Come si trova a Bolzano?

“Professionalmente molto bene. A partire dal centro sportivo, dallo stadio nuovo e dalla possibilità di crescere in un ambiente sano e molto vicino a una mentalità tedesca. Anche personalmente mi trovo benissimo. Bolzano è un gioiello, ma più in generale è tutto l’Alto Adige a essere una regione stupenda, immersa nel verde e circondata da montagne. Senza contare che qui la qualità della vita è più alta che nel resto d’Italia”.

Ha iniziato a masticare un po’ il tedesco?

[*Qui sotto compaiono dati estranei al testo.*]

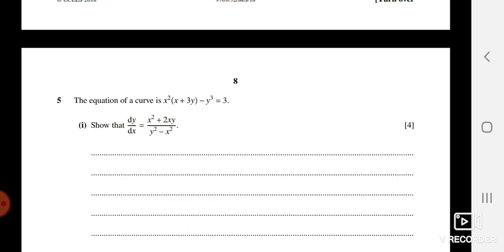Question 5 is my favorite — it's free score marks. Here you need to simplify x³ + 3x²y − y³ = 3. This is an implicit function, so differentiate implicitly. For the term 3x²y, apply the product rule: you get 3x² dy/dx plus 3y times 2x.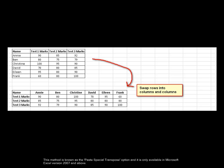This method is known as the paste special transposed option and it is only available in Microsoft Excel version 2007 and above.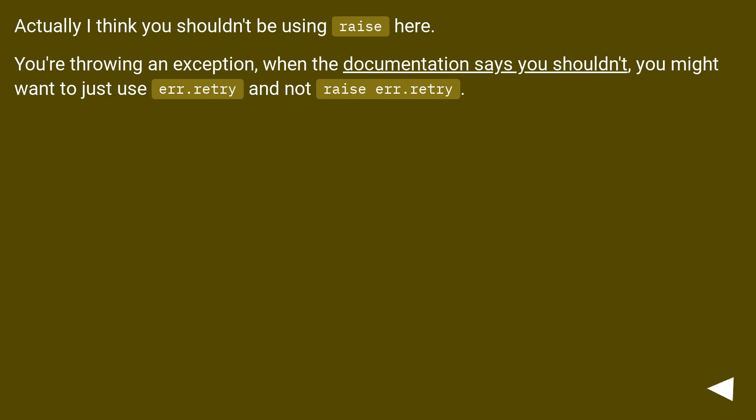Actually I think you shouldn't be using raise here. You're throwing an exception, when the documentation says you shouldn't. You might want to just use err.retry and not raise err.retry.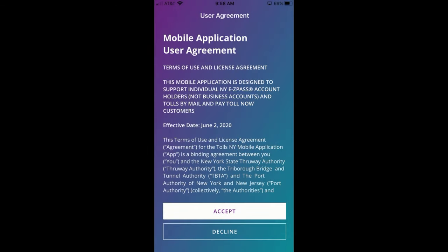If this is a first-time app installation, you will be prompted to review the user agreement. Upon completion of reading the terms, you will need to agree by clicking on Accept. If you choose to decline the terms, you will not be able to use the app. The user agreement will only be prompted on the first installation.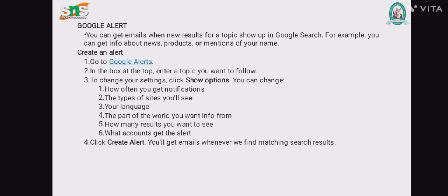These are the steps for Google Alerts. Go to Google Alerts. In the box at the top, enter a topic you want to follow. To change your settings, click Show Options. You can change how often you get notifications, the type of sites you will see, your language, the part of the world you want info from, how many results you want to see, and what account gets the alert. Click Create Alert and you will get emails whenever matching search results are found.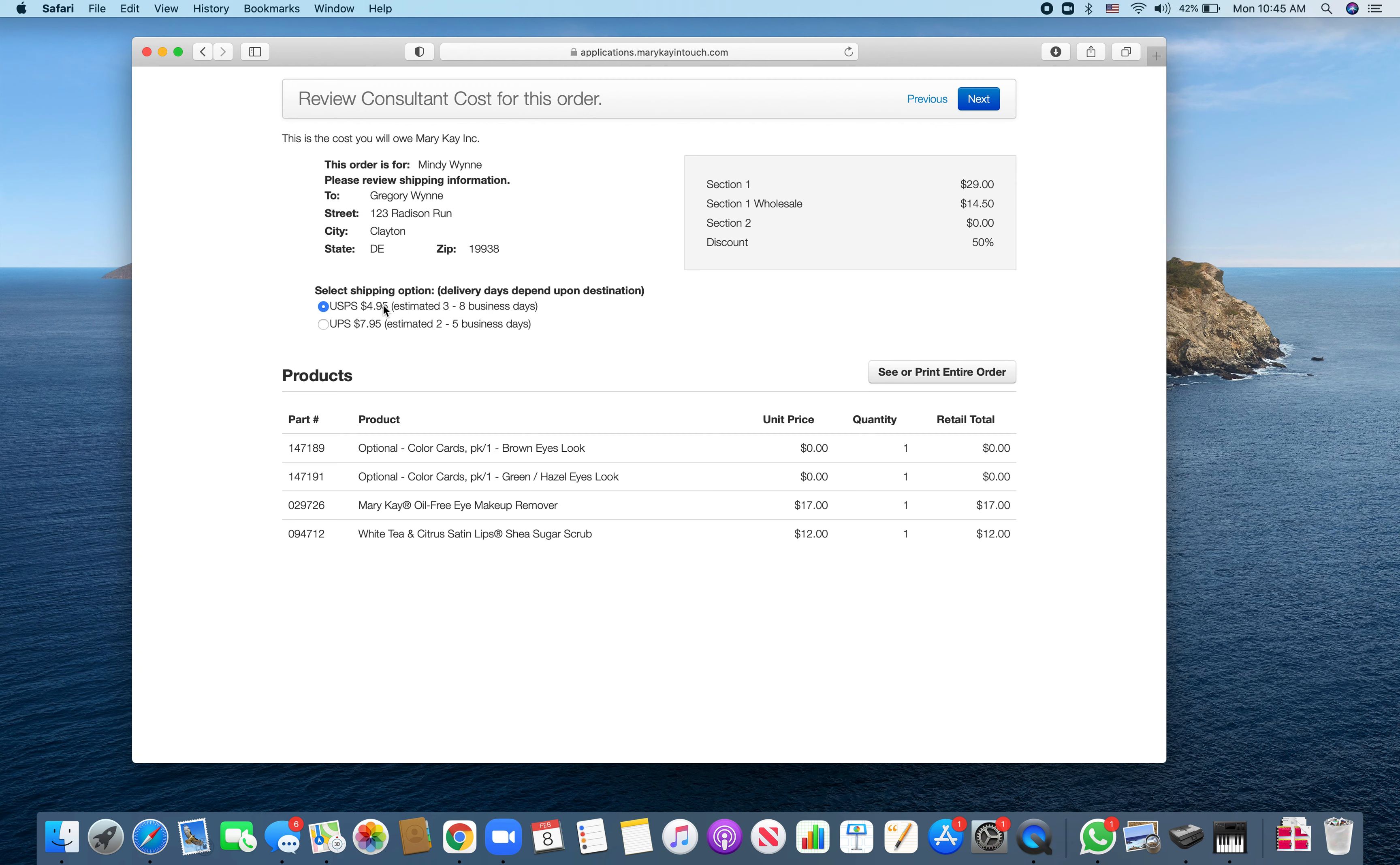It's going to ask if you want to use Postal Service or UPS, depending on how much you want to spend for shipping. You can see or print the entire order here so you can get a receipt for your records. Then you're going to hit next.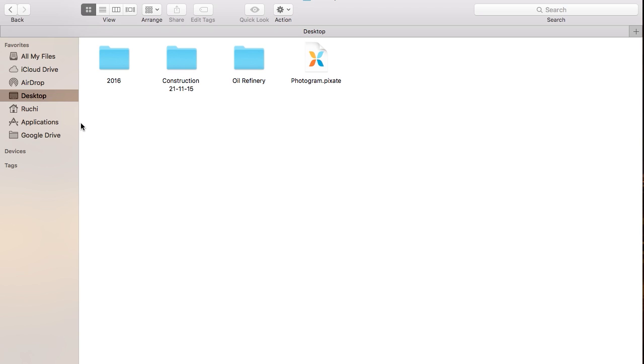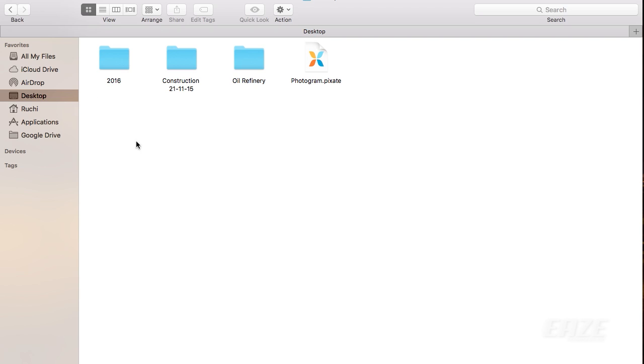I recently came across this problem where most people couldn't find their Documents folder on the left sidebar. People sometimes get stressed out without thinking about it too much, but it's quite straightforward.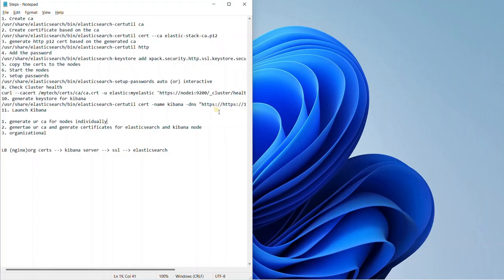On the Elasticsearch website, there are three methods mentioned for SSL connectivity. The first is you can generate a CA for the nodes individually — a certificate for node 1, node 2, node 3, a Kibana certificate, a Logstash certificate, etc. That's going to be a little bit more tedious.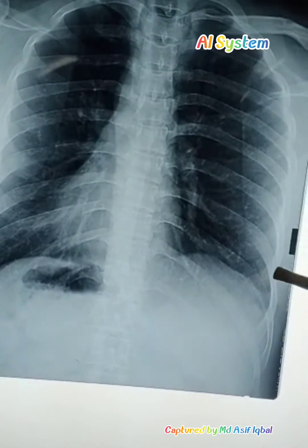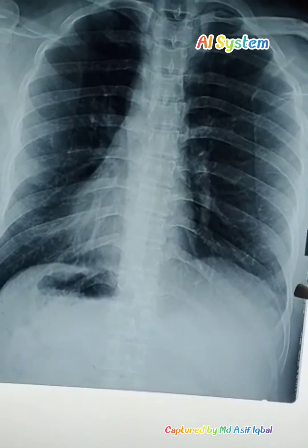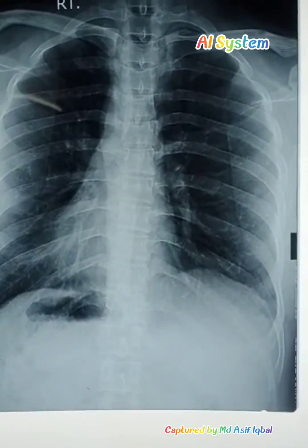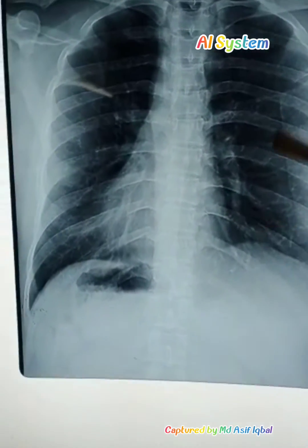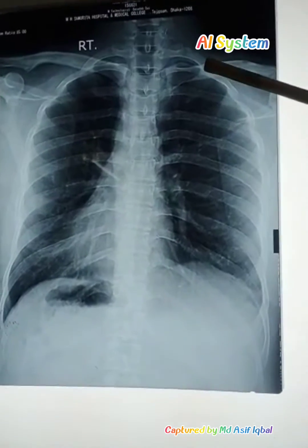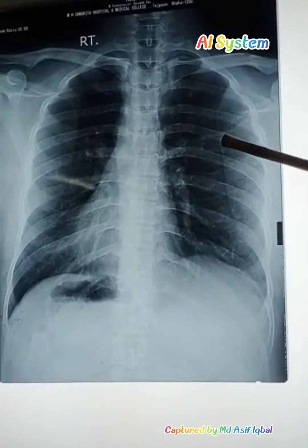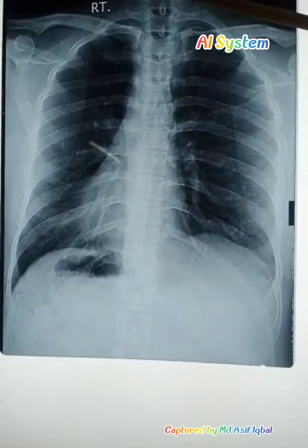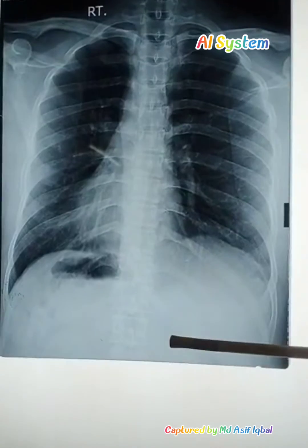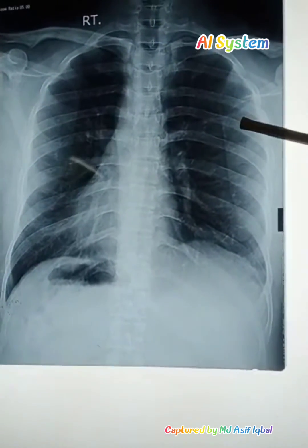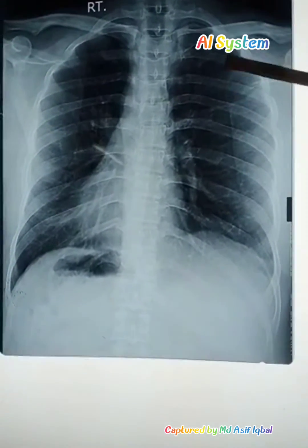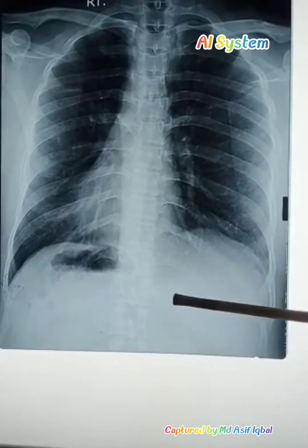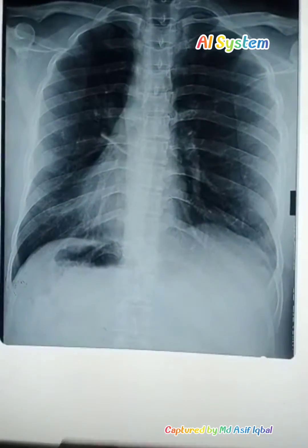Why does the lung shadow appear black while the heart and soft tissue shadows appear white? Because the lungs are radiolucent — radiolucent means black — and the heart tissue is radio-opaque — radio-opaque means white.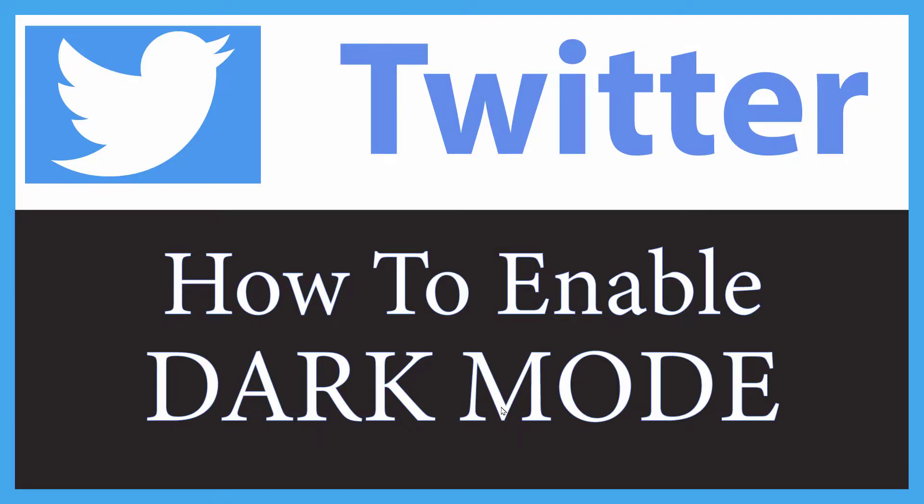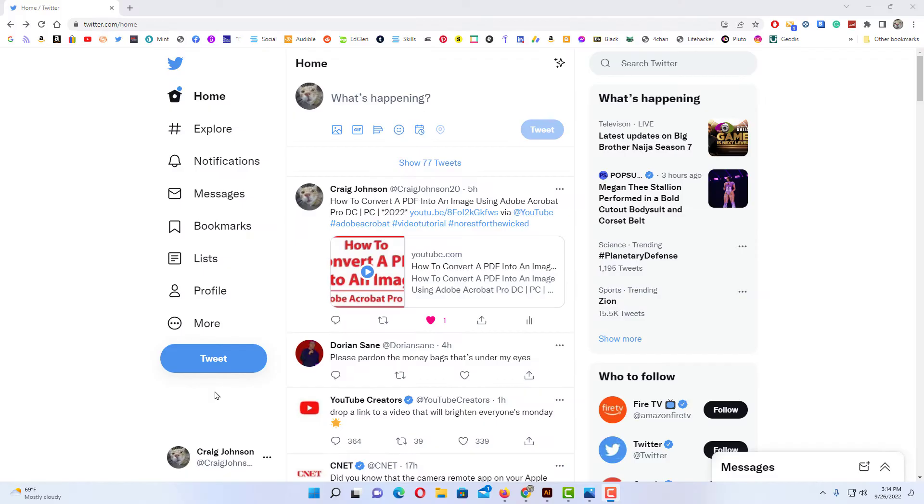This is going to be a video tutorial on how to enable dark mode on Twitter. I will be using a desktop PC for this. Let me jump over to my browser here. Okay, I have my browser open now and I am logged into Twitter.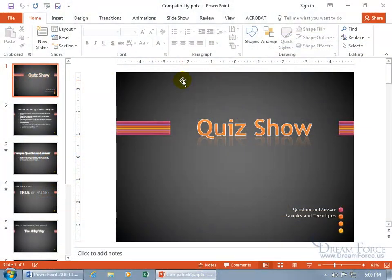Now if you want to send this off to somebody who has an earlier version of PowerPoint, and I'm talking 1997 through 2003, yeah that's pretty early, you want to make sure that certain graphic effects and objects can be viewed in those earlier versions. Otherwise if they can't, they may be missing out on a lot.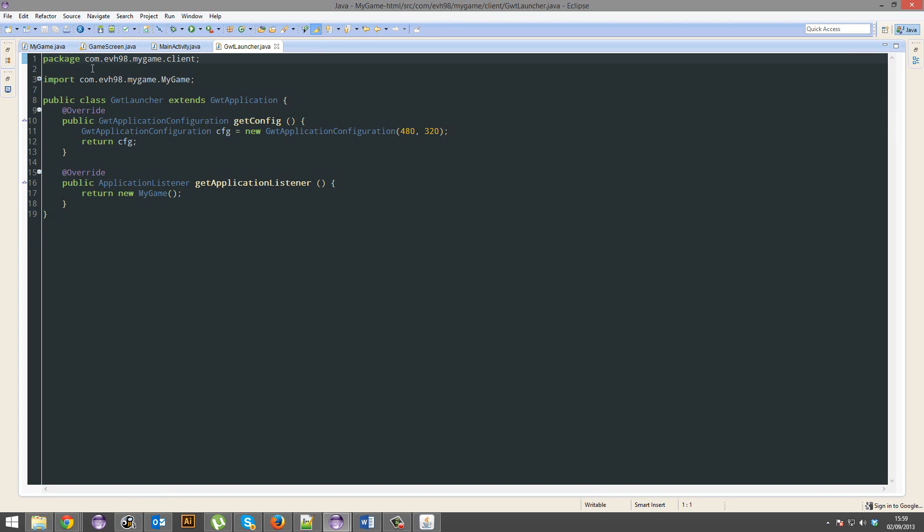When you do run it, it'll give you a URL. Just open that URL in your browser.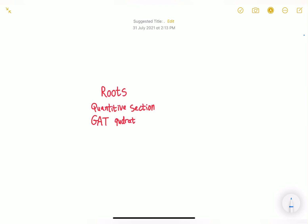Assalamu alaikum guys, welcome back to another video. In today's video we're gonna talk about roots — this is gonna be a whole lesson about roots. It's part of the quantitative section of the GAT or Qudarat exam. This video was requested by someone in the comments, so let's just get right into it.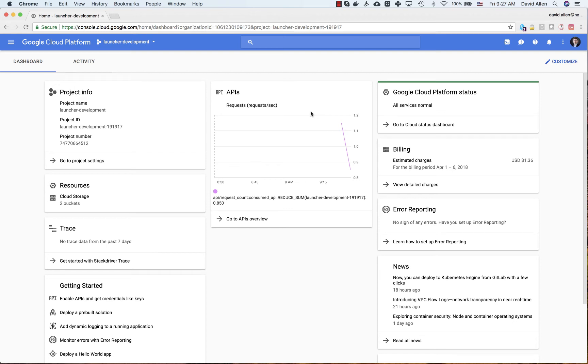Hi, my name is David Allen with Neo4j and this video today is going to be about how to launch a Neo4j Enterprise causal cluster on Google's cloud.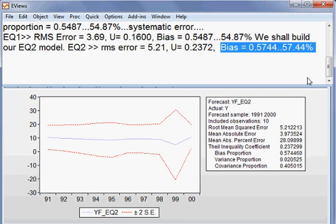So here, our decision is EQ1 has a better predictive power than EQ2.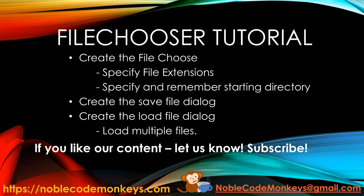In this video, we're going to go over the JavaFX file chooser. I'm going to show you how to specify the file extensions to save and load, how to remember the starting directory, and obviously how to create the save and load file dialogs, including how to load multiple files from one dialog. Let's get started.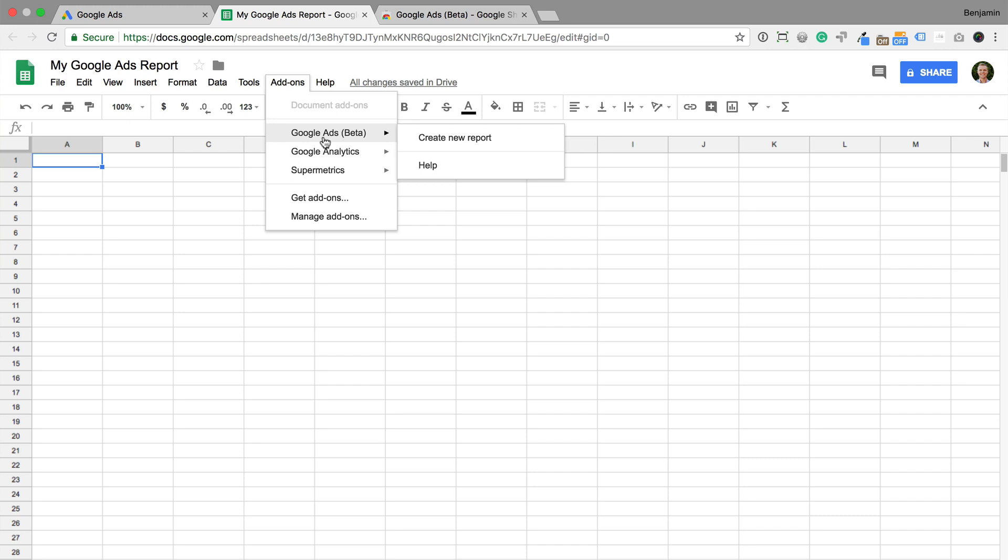I'd recommend using the Google Sheets add-on if you want to combine data from Google Ads with other data. For example, if you have set KPIs for the number of conversions you're aiming to achieve from each of your campaigns. You could combine your KPI targets with the actual number of conversions from Google Ads to see how you're tracking towards your targets.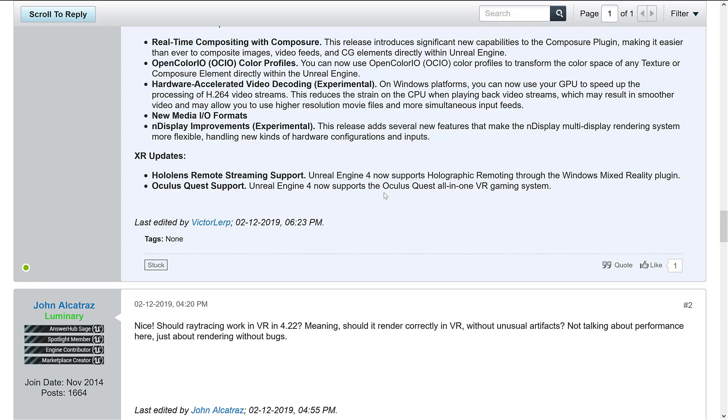on the VR slash AR slash XR slash too many acronyms front, we've got support for Unreal Engine 4 on Oculus Quest. That's the new all-in-one kind of version of the Oculus Rift for Android, but all-in-one without need for a phone or anything else like that. And HoloLens remote streaming support has been added through Windows Mixed Reality plugin. And that is essentially it.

“Per forza perché appena ti muovi fuori da Bolzano ti salutano in tedesco. A parte il mio desiderio personale di studiare e di voler imparare una nuova lingua, sei anche costretto a farlo per una questione di relazioni quotidiane”.

A proposito, ma che aria tira da quelle parti? Ogni tanto si torna a parlare dell’indipendenza dell’Alto Adige…

“Sono qui da poco e quindi non mi permetto di giudicare. Queste terre hanno alle spalle una storia non facile e sicuramente ci sono una cultura e un’identità molto radicate. In realtà però non si sente parlare tanto di indipendenza. C’è ovviamente questo mix delle due lingue e culture, ma credo che nella loro diversità riescano a convivere in maniera funzionale”.

Tornando al calcio, secondo lei chi vincerà lo scudetto nel testa a testa tra Milan e Inter?

“L’Inter è oggettivamente più forte. Personalmente però vorrei vincesse il Milan, ma non per una questione di tifo, bensì per il percorso. Il Milan è un po’ un esempio su come dovrebbe essere gestita una società e una squadra in un momento storico complicato. Sono stati bravi a costruire un’identità forte con meno risorse rispetto ad altre squadre”.

Segue anche il campionato croato?

“Non con grande attenzione, ma più per curiosità. Negli ultimi anni è cresciuto parecchio e quest’anno è davvero avvincente e incerto. Conosco molto bene Tomić e Bjelica, che stimo professionalmente e umanamente, perciò faccio il tifo per loro”.

E io che pensavo tifasse Hajduk…

“Io sono cresciuto nello Split… Visto che non ho particolari conoscenze all’interno della società, preferirei veder trionfare una persona che apprezzo umanamente, ma non tanto il Rijeka o l’Osijek quanto invece Tomić o Bjelica”.

E la finale di Coppa tra Hajduk e Rijeka come la vede?

“Imprevedibile. Sono due squadre che si equivalgono e in una partita secca può sempre succedere di tutto”.

Farà magari un salto al Poljud?

“Non lo so. Comunque mi piacerebbe vederla e quindi cercherò di organizzarmi”.